* **WHAT TO DO**:
Among the entries below, which lines run from the line with "עמית סגל על" through the line with "Όλο το σχέδιο: Τα"? Retype those, both ends included, exactly and without pictures.

* **RECORDS SHOWN**:
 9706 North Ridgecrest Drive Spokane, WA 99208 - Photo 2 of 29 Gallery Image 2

* * *

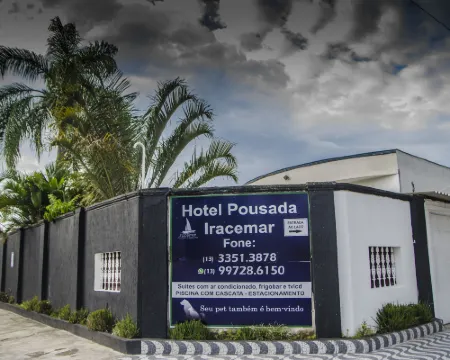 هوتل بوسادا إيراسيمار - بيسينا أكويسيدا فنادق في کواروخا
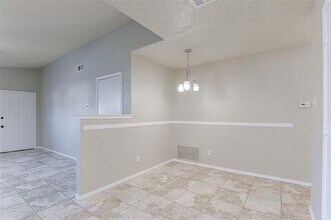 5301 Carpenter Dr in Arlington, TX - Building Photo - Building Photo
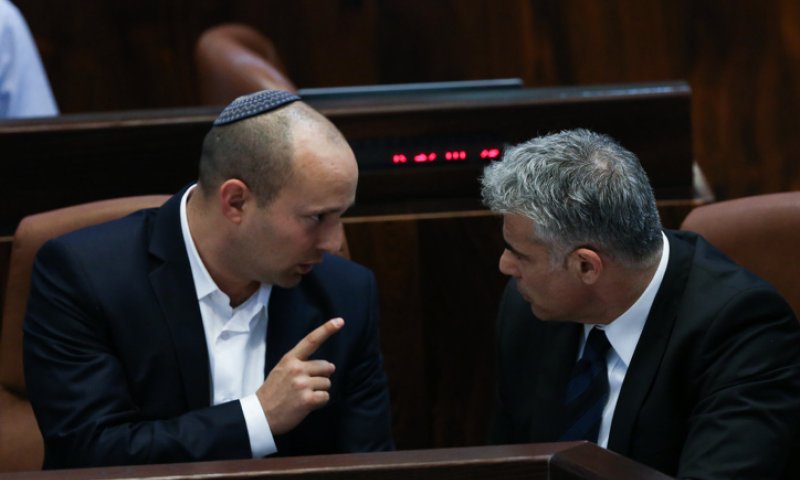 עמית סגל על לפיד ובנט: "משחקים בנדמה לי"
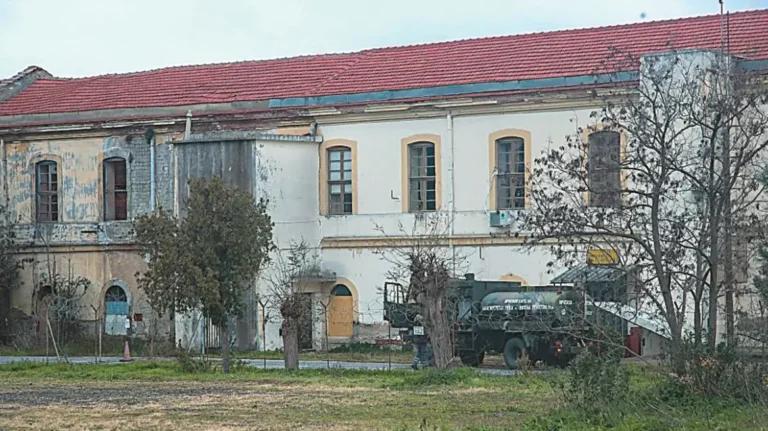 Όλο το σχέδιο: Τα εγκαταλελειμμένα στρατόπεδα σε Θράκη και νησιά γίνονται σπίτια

...

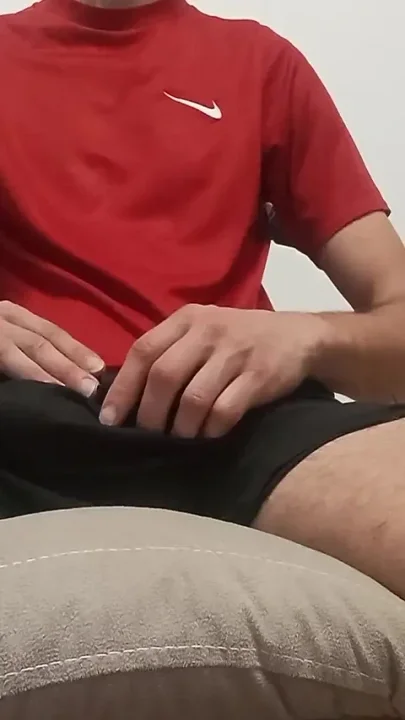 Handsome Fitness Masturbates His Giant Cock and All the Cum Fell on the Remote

* **SOLUTION**:
 עמית סגל על לפיד ובנט: "משחקים בנדמה לי"
 Όλο το σχέδιο: Τα εγκαταλελειμμένα στρατόπεδα σε Θράκη και νησιά γίνονται σπίτια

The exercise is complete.